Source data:
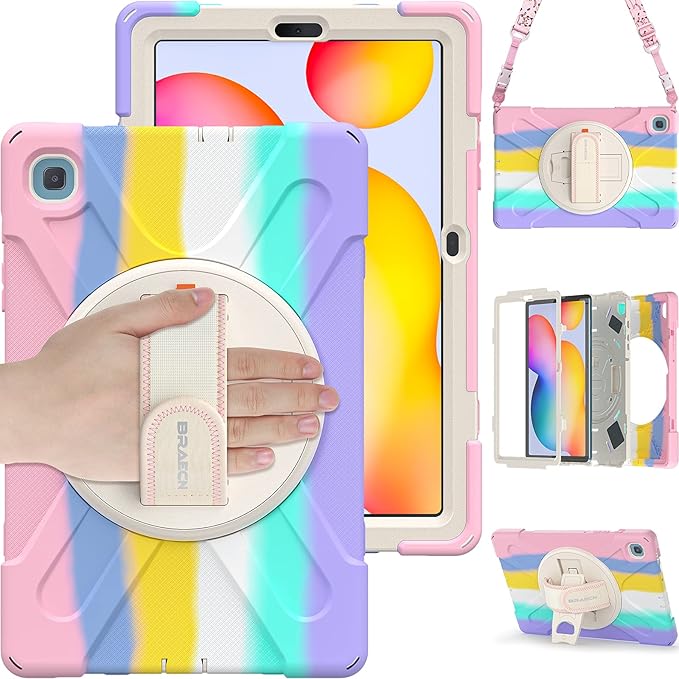 BRAECN for Samsung Galaxy Tab S6 lite Case 10.4 inch 2024/2022Rugged Shockproof Case with 360 Rotating Hand Strap&ampKickstand Shoulder Strap S Pen Holder for Samsung Galaxy Tab S6 Lite Tablet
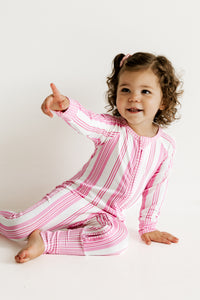 Peony Stripe Zipper Romper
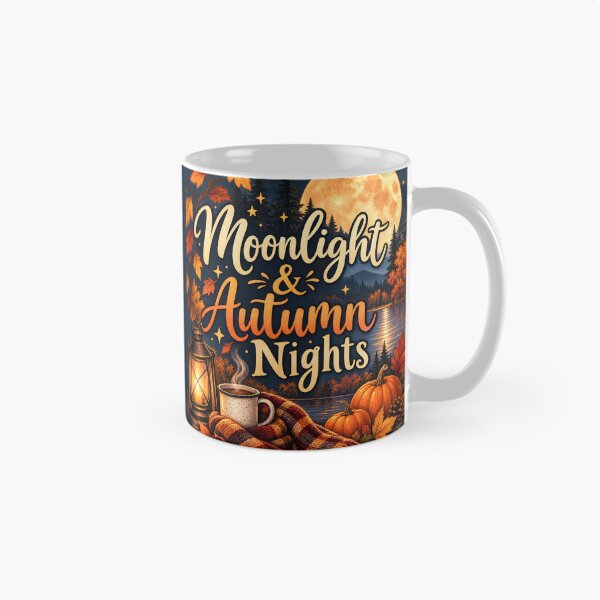 Item preview, Moonlight & Autumn Nights – Cozy Fall Moon Lake Scene designed and sold by blankTeeShirt.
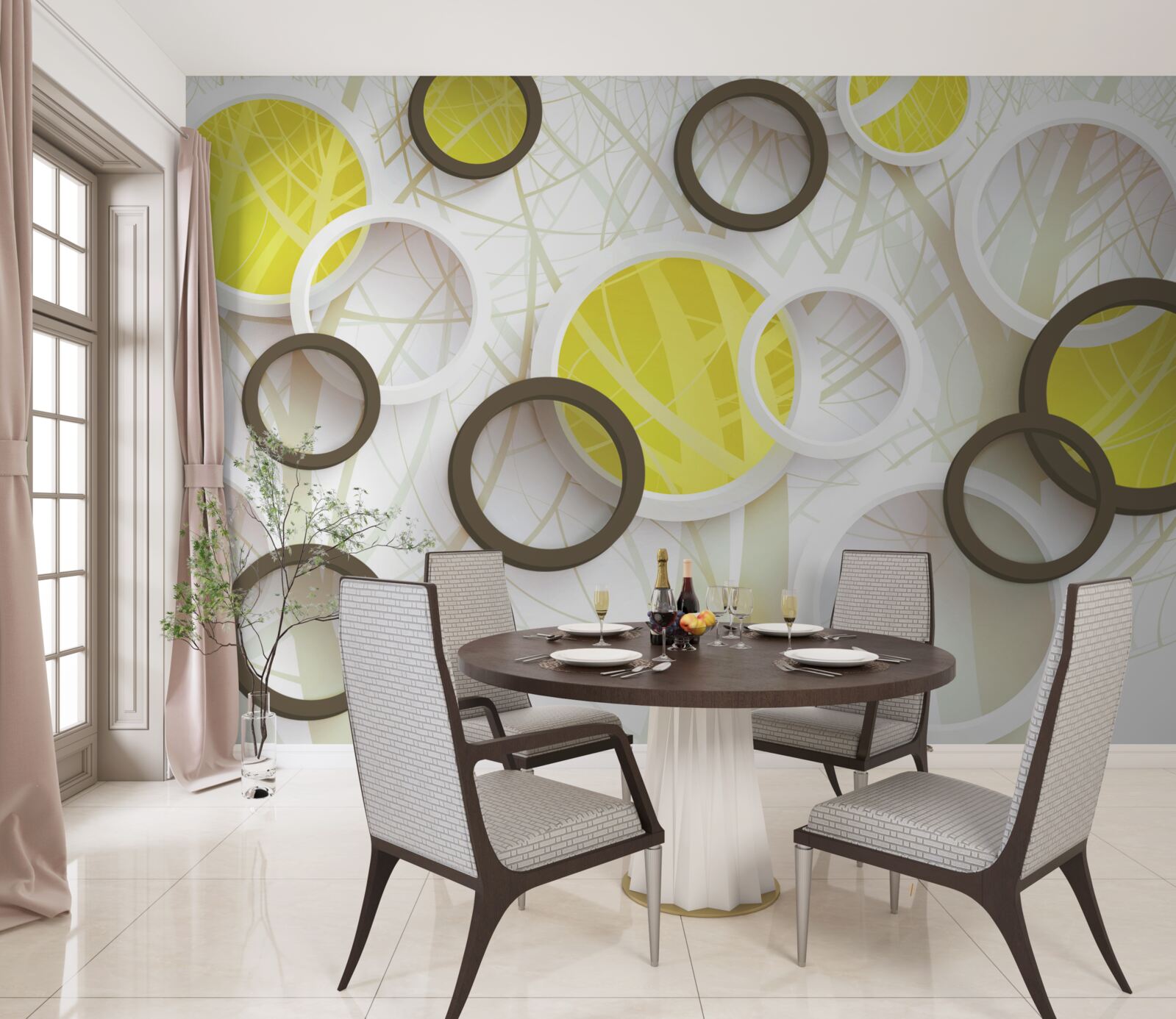 Fototapet roți în vedere stereoscopică, cu pădure în fundal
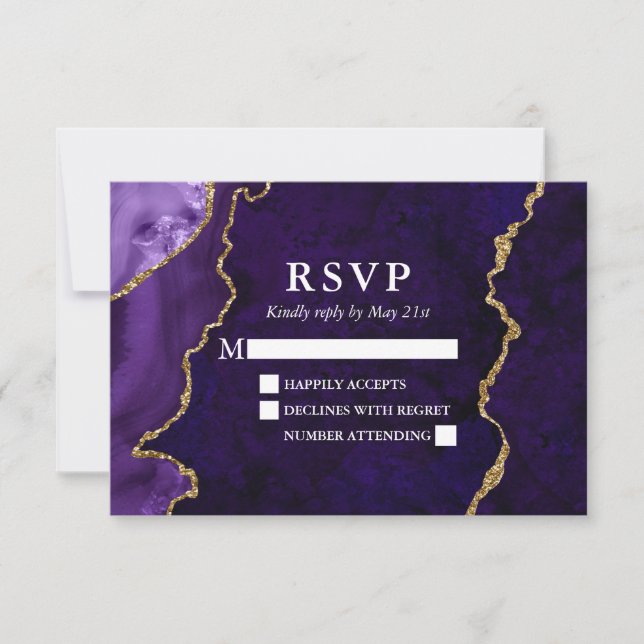 Watercolor Purple Gold Marble Agate Geode Wedding RSVP Card (Front)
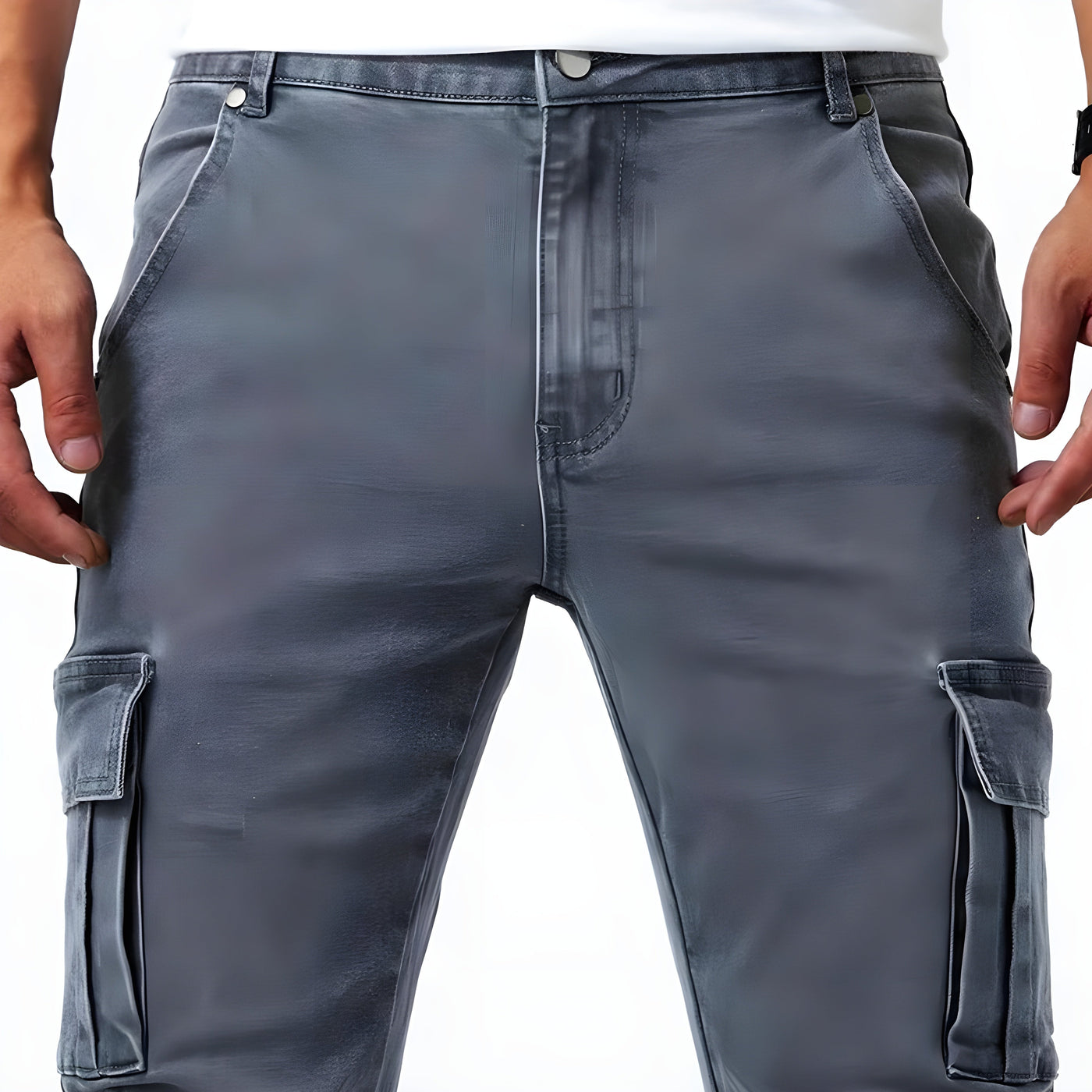 Jan | Elastische Denim Cargo Broek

• Your task: Retype exactly, please, the span from the line holding "Watercolor Purple Gold" through the closing line of the data, both ends included, without the pictures.

• Response for this exercise:
 Watercolor Purple Gold Marble Agate Geode Wedding RSVP Card (Front)
 Jan | Elastische Denim Cargo Broek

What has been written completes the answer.